UNA LETTERA DELL’AVV. MAURO CALORE
Caro Direttore,
l’articolo su Il Vaschione del 15.01.2013, in merito alle dichiarazioni rilasciate da altolocati dirigenti del PD, ha colto l’ineffabile quanto indelebile risultato delle primarie del 13 gennaio, mettendo a nudo problemi e comportamenti che solo chi non vuol vedere non vede, e non da oggi, e cerca, così, di camuffare la realtà con propaganda degna di miglior sorte.
Alcune riflessioni vorrei aggiungere a quelle, condivisibili, dello scritto.
Innanzitutto sul dato della partecipazione, da tutti strombazzato come uno “straordinario successo”. Si possono comprendere i rappresentanti cittadini, strabiliati da numeri che, forse, non immaginavano, ma, a livelli un po’ più alti, l’analisi del risultato imponeva di ricordare che, nel 2008, quando le primarie erano agli albori e non collaudate come ora, alla consultazione presero parte circa 2.400 elettori, con due piccoli particolari: nel 2008 era presente solo il PD mentre ora i partiti partecipanti sono tre; allora i candidati erano tre mentre ora, in corsa al primo turno, erano cinque.

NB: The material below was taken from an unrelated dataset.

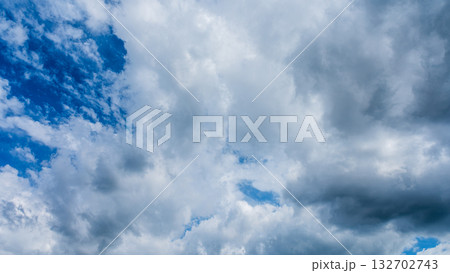 夏の青空に流れるたくさんの白い雲 夏の青空に流れるたくさんの白い雲 132702743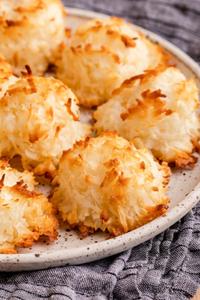 Coconut Macaroon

I conti non sono così difficili da fare e gli entusiasmi, tolta la mera propaganda, andrebbero un po’ ridimensionati.
Inoltre, le primarie rappresentano uno strumento di democrazia inteso a garantire la partecipazione non solo dell’elettorato attivo ma anche di quello passivo.
In altre parole, esse sono preposte a consentire a cittadini, forze sociali, associazioni o anche semplici aggregazioni, di indicare candidati alla carica di sindaco della città.
La società civile, pertanto, chiamata non solo a votare gli aspiranti dei partiti organizzati ma anche a presentarsi con programmi e nomi.
Nelle primarie di Sulmona, invece, per come organizzate, sia nei tempi che nei modi, i cinque candidati erano tutti dirigenti dei partiti di provenienza, non semplici iscritti o simpatizzanti, “di area”. Ben tre di loro sono consiglieri comunali di minoranza, che pure qualche correspon-sabilità nella gestione comunale dovrebbe assumersi ed ammettere.
Il PD, poi, ha pensato bene di candidare tre componenti della segreteria del circolo sulmonese, con rispettivi programmi: mutuando Levi potrebbe dirsi se questo è un partito.
Ma come se non bastasse, i tre dirigenti democratici, messi insieme, a mala pena, per un soffio, riescono a superare, per pochi voti, il candidato dirigente dell’IDV.
Delle due l’una: o il PD sulmonese è forza minoritaria del ridotto centro sinistra ed allora non si comprende l’entusiasmo del segretario regionale, solitamente silente ed assente; o il PD sulmonese esprime un gruppo dirigente incapace, che non riesce ad individuare un proprio rappresentante, tanto che, vox populi, parrebbe che qualcuno, non contento di nessuno dei tre, abbia pensato bene di rivolgersi direttamente al candidato dell’IDV. (Non va dimenticato che quest’ultimo, comunque, nel 2008 fu eletto consigliere comunale nella lista del PD e solo dopo qualche tempo pensò bene di traslocare nel partito di Di Pietro che, oggi, non si sa più se esiste e dove si colloca.)
Anche in tale ipotesi, però, il segretario regionale, più che esaltarsi, dovrebbe riflettere e prendere decisioni, accompagnate, magari, da qualche provvedimento.
In questo contesto, noto ai più, e giornalisticamente colto nell’articolo del 15 gennaio, è giunto l’appello all’unità del partito per il ballottaggio di domenica prossima.
Vedremo i risultati, anche se il finale, come un po’ tutto il copione di queste pseudo primarie, sembra già scritto.
Cordiali saluti.
Mauro Calore
Grazie per l’attenzione, soprattutto se viene da chi ha accompagnato tutte le fasi storiche degli ultimi (quasi) cinquant’anni del partito che ora si chiama PD. Per esempio, i dati che l’avv. Calore fornisce ci sfuggivano e non sono di poco conto. E forse proprio perchè non consociamo a pieno le dinamiche interne, non riusciamo a ben interpretare il riferimento al copione già scritto. A noi sembra che quando prevalgono le persone (e i personalismi) tutto può accadere all’ultimo momento: per capriccio, per dispetto, per orgoglio, per sudditanza, per strategia, per disperazione, insomma per tuttle le variabili indipendenti che agitano l’animo delle persone e che nei partiti prima trovavano una giusta stanza di compensazione. E ora il PD è in mano alle persone e ai personalismi. Però siamo pazienti: tanto si tratta di aspettare solo fino a domenica.